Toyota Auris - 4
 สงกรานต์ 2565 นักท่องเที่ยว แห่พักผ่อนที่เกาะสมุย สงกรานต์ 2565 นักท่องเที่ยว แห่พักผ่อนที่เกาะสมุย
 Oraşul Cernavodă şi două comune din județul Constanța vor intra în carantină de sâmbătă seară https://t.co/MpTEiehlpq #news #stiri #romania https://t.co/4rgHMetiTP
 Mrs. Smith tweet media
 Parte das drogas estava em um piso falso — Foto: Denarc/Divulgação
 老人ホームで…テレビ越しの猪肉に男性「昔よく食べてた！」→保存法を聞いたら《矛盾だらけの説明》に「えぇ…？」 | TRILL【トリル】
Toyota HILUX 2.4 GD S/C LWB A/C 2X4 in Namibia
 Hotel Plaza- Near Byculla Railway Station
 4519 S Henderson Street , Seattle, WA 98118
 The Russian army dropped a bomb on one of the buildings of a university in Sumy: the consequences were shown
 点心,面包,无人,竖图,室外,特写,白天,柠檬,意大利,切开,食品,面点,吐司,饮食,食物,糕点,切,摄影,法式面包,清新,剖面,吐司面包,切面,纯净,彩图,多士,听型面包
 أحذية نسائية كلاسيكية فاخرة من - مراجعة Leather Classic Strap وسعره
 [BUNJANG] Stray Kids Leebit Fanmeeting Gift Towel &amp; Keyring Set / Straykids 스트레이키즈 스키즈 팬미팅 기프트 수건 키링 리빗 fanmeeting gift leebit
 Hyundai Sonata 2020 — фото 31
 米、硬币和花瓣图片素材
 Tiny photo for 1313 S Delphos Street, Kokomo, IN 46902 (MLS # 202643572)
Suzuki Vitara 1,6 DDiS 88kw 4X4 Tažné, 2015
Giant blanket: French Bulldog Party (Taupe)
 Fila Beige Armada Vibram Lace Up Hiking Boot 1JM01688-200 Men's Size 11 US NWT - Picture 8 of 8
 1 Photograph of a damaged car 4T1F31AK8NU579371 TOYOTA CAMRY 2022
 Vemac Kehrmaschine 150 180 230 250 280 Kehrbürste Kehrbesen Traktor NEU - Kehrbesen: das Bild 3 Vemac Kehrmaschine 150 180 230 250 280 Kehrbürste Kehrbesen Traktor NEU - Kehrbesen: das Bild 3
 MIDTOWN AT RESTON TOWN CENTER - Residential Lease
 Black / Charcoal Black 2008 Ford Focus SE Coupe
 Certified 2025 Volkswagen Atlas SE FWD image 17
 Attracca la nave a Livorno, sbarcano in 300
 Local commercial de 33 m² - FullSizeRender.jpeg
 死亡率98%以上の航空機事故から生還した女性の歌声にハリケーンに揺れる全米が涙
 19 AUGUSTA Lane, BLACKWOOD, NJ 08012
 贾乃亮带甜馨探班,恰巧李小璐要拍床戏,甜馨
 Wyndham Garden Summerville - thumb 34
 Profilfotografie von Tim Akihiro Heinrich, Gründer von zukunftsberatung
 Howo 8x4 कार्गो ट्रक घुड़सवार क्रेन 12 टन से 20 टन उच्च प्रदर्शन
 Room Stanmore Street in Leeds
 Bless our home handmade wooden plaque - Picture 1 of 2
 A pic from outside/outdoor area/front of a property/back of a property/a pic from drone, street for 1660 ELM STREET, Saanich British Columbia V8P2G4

····················

Your task:
Look for "MIDTOWN AT RESTON" in the records. Write out its line and every later line through the end exactly, with nothing more.

Written solution:
 MIDTOWN AT RESTON TOWN CENTER - Residential Lease
 Black / Charcoal Black 2008 Ford Focus SE Coupe
 Certified 2025 Volkswagen Atlas SE FWD image 17
 Attracca la nave a Livorno, sbarcano in 300
 Local commercial de 33 m² - FullSizeRender.jpeg
 死亡率98%以上の航空機事故から生還した女性の歌声にハリケーンに揺れる全米が涙
 19 AUGUSTA Lane, BLACKWOOD, NJ 08012
 贾乃亮带甜馨探班,恰巧李小璐要拍床戏,甜馨
 Wyndham Garden Summerville - thumb 34
 Profilfotografie von Tim Akihiro Heinrich, Gründer von zukunftsberatung
 Howo 8x4 कार्गो ट्रक घुड़सवार क्रेन 12 टन से 20 टन उच्च प्रदर्शन
 Room Stanmore Street in Leeds
 Bless our home handmade wooden plaque - Picture 1 of 2
 A pic from outside/outdoor area/front of a property/back of a property/a pic from drone, street for 1660 ELM STREET, Saanich British Columbia V8P2G4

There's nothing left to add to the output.